As a teacher, I’m often met with mixed responses when I tell people that I teach middle school. Some people view middle schoolers as being disorganized, moody, etc. Yet, these years, ages 10-14, are my favorite age group, and I love teaching them.
The three or four years of middle school can bring many changes, challenges, and joys in a person’s life. According to the National Middle School Association, “Young people undergo more rapid and profound personal changes between the ages of 10 and 15 than at any other time in their lives.” During this stage, a child changes from a pre-teen to a teenager. He or she develops physically, mentally (cognitively), emotionally, academically, and socially. Sometimes these transitions can be confusing and overwhelming, not just to the child, but also to those around them, such as their parents, siblings, other family members, and friends. One of the best ways to help a middle schooler through these years is by understanding what they are going through and offering them a great deal of support. After all, middle school can make a huge impact on a person’s life!
Middle school students are classified as pre-adolescents and adolescents, and are commonly known as pre-teens and teenagers. Males and females are headed into puberty, with girls maturing at an earlier age, starting as early as nine years old. Common changes include increases in height and weight, voice deepening for males, and hormone changes. Clinical psychologist Dr. Laura Kirmayer states in the article, “Parenting Tweens: Everything You Should Know,” that the physical changes “Can result in awkwardness, clumsiness, and actual growing pains from extreme growth spurts.” In addition, Dr. Kirmayer adds that children can become self-conscious about their bodies and the changes on the inside and outside. Promoting positive self-esteem, self-confidence, and body image at home is helpful.
Social and Emotional Changes:
Two of the main aspects of the social and emotional transformations of middle schoolers are how they view others, especially their peers, and relationships. Pre-teens and teenagers want to be independent, have more responsibilities, and plenty of space to figure out who they are. Sometimes they don’t think through the consequences and risks of new experiences. It is normal for a child to show a different personality each week—decide how they want to talk and what to wear, for example. A person in this life stage is said to be “testing the waters” to see what type of person they want to become. They look to their friend groups and peers for advice and guidance. There is the pressure to fit in, which can lead to trying different looks and outlooks. However, it is important for parents to be aware of who they are hanging around with, as bullying can become a big problem at this age. In addition, students are starting to think about dating and liking others. Lastly, pre-teens and teenagers are being influenced by the media, social media, role models, and adults in their lives. They are creating a foundation for their values and beliefs, while realizing what the culture expects. A parent or guardian should help their child determine the difference between right and wrong.
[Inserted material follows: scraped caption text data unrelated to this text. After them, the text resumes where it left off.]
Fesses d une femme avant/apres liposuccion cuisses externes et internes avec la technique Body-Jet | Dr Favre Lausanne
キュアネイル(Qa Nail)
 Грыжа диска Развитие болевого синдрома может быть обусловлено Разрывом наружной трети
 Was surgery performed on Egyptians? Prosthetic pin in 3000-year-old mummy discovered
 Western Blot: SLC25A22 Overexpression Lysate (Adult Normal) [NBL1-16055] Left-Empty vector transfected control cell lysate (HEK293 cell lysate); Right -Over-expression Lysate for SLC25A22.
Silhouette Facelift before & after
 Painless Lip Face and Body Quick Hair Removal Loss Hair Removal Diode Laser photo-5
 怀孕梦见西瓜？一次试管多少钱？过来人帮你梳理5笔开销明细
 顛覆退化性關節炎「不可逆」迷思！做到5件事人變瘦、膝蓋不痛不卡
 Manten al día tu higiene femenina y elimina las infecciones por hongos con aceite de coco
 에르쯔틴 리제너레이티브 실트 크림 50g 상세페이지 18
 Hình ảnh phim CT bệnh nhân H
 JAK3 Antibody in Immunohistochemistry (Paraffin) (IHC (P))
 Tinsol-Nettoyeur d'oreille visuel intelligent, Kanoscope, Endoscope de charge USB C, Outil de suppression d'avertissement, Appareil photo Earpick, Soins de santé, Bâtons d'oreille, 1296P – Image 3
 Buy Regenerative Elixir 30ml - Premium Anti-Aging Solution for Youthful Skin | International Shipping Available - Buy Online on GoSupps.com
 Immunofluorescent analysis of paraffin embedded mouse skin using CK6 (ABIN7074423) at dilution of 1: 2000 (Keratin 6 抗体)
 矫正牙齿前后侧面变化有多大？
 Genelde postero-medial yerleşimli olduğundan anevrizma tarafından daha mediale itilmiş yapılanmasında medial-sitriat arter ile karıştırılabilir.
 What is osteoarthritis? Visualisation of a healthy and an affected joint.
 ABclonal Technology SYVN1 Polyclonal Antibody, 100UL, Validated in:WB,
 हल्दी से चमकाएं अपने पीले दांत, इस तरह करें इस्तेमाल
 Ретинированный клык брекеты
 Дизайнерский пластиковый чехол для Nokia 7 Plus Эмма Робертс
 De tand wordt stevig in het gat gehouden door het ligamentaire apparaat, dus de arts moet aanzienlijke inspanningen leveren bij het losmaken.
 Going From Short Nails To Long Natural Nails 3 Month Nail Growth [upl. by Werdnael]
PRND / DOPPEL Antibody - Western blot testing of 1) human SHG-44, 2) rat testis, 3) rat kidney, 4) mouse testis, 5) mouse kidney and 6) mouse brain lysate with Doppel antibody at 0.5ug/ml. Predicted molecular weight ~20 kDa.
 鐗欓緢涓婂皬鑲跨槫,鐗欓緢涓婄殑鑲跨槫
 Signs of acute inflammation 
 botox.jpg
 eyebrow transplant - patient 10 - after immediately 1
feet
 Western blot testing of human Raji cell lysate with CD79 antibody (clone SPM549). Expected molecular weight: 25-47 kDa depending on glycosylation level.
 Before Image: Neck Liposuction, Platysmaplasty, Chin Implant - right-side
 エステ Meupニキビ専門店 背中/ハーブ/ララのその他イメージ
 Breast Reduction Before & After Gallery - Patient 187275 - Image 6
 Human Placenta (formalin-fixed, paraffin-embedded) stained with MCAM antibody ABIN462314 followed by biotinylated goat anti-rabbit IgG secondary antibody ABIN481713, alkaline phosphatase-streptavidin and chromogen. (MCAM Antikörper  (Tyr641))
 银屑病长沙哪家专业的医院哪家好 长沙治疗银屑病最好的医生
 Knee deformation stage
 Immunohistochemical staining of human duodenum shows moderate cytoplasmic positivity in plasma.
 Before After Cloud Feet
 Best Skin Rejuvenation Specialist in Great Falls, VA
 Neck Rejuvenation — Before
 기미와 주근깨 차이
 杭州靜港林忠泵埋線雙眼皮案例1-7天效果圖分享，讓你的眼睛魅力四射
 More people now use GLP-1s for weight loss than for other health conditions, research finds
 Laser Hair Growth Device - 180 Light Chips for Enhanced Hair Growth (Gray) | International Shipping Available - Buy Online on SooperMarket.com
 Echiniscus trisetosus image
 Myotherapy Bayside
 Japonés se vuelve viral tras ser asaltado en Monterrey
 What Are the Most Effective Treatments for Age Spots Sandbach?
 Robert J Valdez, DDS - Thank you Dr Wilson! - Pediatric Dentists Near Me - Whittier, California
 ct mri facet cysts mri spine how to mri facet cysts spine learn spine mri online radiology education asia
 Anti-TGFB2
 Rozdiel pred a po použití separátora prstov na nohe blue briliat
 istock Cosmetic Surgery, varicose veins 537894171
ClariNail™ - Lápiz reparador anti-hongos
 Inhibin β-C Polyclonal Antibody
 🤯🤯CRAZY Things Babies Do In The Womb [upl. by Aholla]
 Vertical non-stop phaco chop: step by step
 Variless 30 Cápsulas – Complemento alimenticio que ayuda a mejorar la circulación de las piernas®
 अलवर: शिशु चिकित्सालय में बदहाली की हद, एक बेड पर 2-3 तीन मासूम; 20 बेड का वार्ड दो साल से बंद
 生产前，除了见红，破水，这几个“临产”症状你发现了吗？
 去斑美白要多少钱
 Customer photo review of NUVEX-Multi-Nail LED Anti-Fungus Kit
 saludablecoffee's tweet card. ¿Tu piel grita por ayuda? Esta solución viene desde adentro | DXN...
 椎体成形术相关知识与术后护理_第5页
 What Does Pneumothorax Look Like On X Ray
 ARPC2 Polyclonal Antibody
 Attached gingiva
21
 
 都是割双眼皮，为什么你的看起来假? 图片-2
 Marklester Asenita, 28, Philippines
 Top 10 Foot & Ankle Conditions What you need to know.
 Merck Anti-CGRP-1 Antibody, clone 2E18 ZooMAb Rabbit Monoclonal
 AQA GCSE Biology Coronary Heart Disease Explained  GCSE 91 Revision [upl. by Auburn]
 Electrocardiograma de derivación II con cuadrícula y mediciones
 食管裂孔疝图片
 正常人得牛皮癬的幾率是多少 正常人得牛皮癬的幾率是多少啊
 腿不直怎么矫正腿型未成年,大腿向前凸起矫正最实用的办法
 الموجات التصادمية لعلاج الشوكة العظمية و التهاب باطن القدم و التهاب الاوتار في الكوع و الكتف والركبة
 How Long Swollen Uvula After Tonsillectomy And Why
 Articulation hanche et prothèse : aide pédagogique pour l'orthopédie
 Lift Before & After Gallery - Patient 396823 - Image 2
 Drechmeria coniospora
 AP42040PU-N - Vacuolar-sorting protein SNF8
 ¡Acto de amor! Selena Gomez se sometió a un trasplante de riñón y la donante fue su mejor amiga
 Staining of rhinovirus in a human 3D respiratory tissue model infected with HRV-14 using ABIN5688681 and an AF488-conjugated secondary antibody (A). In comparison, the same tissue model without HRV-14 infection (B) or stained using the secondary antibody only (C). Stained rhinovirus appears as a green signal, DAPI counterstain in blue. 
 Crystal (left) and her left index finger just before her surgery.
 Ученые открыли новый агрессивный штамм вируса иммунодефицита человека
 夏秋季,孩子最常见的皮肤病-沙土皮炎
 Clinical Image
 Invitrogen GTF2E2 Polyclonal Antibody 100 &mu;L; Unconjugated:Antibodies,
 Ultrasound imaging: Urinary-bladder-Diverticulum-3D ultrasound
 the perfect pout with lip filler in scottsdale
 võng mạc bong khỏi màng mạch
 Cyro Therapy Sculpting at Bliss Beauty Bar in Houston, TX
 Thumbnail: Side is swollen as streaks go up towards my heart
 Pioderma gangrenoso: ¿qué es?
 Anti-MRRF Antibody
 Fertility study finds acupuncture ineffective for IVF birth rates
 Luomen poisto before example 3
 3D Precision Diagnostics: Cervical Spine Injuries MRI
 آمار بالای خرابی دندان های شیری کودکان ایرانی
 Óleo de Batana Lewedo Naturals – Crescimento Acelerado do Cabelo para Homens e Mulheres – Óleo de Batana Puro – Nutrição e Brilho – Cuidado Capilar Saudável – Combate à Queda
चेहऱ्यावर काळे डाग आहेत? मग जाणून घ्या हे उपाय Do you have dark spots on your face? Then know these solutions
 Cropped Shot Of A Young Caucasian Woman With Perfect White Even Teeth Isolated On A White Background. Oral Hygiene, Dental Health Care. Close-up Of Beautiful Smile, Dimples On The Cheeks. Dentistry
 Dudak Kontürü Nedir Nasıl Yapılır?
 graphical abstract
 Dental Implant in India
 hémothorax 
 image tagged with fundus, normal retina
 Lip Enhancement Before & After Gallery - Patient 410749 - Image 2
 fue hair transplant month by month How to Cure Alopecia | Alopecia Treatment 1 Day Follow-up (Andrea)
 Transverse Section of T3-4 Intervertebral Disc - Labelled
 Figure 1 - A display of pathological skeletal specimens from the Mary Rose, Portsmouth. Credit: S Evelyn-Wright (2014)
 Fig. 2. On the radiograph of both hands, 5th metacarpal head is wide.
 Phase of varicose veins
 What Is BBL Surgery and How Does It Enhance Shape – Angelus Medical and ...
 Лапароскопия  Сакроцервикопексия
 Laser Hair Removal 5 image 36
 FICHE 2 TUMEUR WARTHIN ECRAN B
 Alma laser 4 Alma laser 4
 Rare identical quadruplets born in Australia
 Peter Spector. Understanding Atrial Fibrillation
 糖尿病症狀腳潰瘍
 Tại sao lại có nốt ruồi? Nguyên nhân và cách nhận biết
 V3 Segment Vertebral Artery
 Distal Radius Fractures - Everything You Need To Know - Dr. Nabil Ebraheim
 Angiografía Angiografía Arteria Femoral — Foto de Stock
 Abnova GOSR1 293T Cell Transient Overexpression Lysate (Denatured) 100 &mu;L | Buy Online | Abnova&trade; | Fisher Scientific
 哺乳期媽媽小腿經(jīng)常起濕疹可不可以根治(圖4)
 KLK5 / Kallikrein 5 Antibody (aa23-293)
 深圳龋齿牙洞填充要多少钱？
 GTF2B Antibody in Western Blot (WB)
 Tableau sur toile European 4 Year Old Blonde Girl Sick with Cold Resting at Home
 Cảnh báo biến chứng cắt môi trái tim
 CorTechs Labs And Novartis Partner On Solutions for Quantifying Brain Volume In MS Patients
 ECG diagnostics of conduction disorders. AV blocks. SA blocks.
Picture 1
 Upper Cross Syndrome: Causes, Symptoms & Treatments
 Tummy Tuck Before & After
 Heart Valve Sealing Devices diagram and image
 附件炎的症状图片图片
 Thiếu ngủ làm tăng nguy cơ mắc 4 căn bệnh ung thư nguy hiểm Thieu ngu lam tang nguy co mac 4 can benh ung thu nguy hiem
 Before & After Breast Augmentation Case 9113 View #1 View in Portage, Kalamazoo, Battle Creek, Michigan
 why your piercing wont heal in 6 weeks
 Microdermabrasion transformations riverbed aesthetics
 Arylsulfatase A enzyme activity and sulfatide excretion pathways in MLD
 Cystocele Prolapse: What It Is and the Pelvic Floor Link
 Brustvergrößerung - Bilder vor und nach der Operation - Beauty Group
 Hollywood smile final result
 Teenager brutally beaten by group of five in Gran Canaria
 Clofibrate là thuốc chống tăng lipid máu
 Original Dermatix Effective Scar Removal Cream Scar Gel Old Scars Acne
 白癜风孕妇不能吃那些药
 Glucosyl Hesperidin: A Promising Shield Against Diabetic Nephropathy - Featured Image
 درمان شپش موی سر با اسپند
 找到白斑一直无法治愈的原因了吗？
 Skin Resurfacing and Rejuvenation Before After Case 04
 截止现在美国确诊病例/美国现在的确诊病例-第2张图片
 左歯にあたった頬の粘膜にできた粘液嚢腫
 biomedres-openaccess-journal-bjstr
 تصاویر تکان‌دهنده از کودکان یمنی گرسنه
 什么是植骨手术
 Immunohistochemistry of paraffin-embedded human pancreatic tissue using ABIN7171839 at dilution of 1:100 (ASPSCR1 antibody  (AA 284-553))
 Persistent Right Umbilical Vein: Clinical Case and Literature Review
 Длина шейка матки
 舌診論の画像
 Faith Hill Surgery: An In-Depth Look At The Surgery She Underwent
As for the emotional changes, every situation, incident, and moment is heightened and sometimes more dramatic than it really is. Pre-teens’ and teenagers’ brains develop slower than other areas and make the kids more sensitive to their emotions, as well as the emotions of others. Don’t always assume they are moody. In the same article listed above, Dr. Kirmayer writes, “It’s normal for kids this age to have really intense swings of emotions and interpersonal dynamics.” Hey, life is confusing for a middle schooler.
All the multiple changes impact each other. The social influences and emotional changes can affect how your child thinks. During this period, a kid is going from the literal, self-absorbed perspective to becoming aware of theirs and others’ thoughts. Again, they care about what their peers and others think of them; they compare themselves with others, and unfortunately, pay less attention to the advice of their parents and guardians. Teaching your pre-teen or teenager how to regulate and tolerate what they are thinking, feeling, and seeing is key.
Don’t be alarmed if any these developmental changes have an impression on your middle schooler’s academics. It is hard going to a new school and through the multiple transitions. Be there for your middle school student, offer advice, and keep reminding your child that all the changes they are going through are normal and that everyone goes through this stage of life.